When deploying Keycloak in a Kubernetes environment, you often need to customize the login interface to match the brand identity of your company/customer. While Keycloak supports custom themes out of the box, deploying and managing these themes in a containerized environment presents unique challenges. This article explores a elegant solution using Kubernetes init containers to dynamically inject custom themes during deployment.

Custom Keycloak Themes

Here Come Init Containers

Kubernetes init containers provide a clean solution to this problem. They run before the main container starts and can prepare the environment, including downloading and setting up theme files. This approach offers several advantages:

  • themes can be version controlled separately from the Keycloak deployment
  • we don’t need to build and maintain custom Keycloak images
  • themes can be updated without rebuilding containers - you just push to the theme repository and restart your deployment!
    • in more complex scenarios, you can even manage release candidates on separate feature / RC branches so that you don’t mess your production before testing / QA

Implementation Using Helm

The official Keycloak Helm chart makes this implementation straightforward by supporting custom init containers. Here’s how to set it up:

initContainers:
  - name: init-theme
    image: alpine/git:latest
    command:
      - sh
      - -c
    args:
      - |
        git clone https://.../my-keycloak-theme repository && \
        cp -r repository/themes/beehive-theme /themes && \
        chown -R 1001:1001 /themes/* && \
        chmod -R g+rwX /themes/*
    volumeMounts:
      - name: theme-volume
        mountPath: /themes
    securityContext:
      runAsUser: 0

Volume Configuration

You’ll also need to configure the volume in your Helm values:

extraVolumes:
  - name: theme-volume
    emptyDir: {}

extraVolumeMounts:
  - name: theme-volume
    mountPath: /opt/bitnami/keycloak/themes
    readOnly: true

This configuration ensures the theme volume is properly mounted in the main Keycloak container.

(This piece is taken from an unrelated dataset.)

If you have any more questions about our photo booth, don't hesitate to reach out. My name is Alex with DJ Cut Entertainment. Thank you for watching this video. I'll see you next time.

A very important note: be aware that the mount path /opt/bitnami/keycloak/themes is specific to the Helm Keycloak chart. For standard Keycloak deployments using different deployment methods, the correct path is typically /opt/keycloak/themes.

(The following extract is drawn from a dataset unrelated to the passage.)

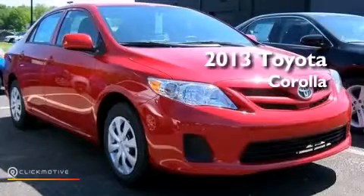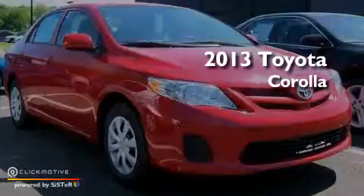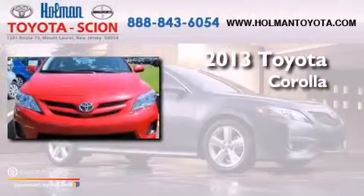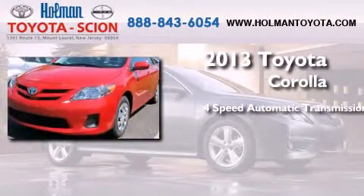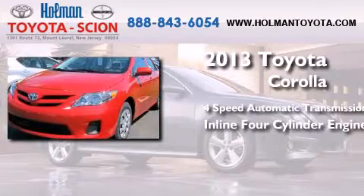This is a brand new 2013 Toyota Corolla. This four-door sedan has a four-speed automatic transmission and an inline four-cylinder engine.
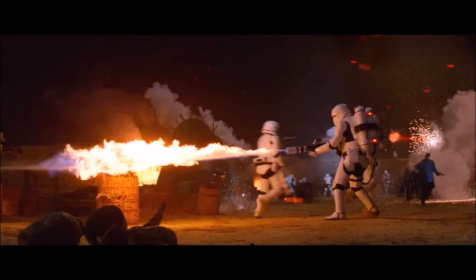We obviously know the two attacks take place at different times, which is really interesting. I assume the nighttime one with Kylo Ren will come first, and then the First Order will attack again in the daytime when Rey and Finn end up escaping. But we won't really know for sure until we actually see the movie.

Alternative k8s Approaches

While init containers provide an elegant solution, these alternatives might also be very useful:

  1. Sidecar Containers: might be useful for development purposes but I haven’t explored this option
  2. ConfigMap Mounting: Suitable for simple themes with few files

Of course, you could also build a custom Keycloak Docker image which injects your theme beforehand, but this requires maintaining separate builds which you need to continuously rebase towards upstream. Nevertheless, a custom image might still be a viable and perfect solution for those who need to manage themes for many customers.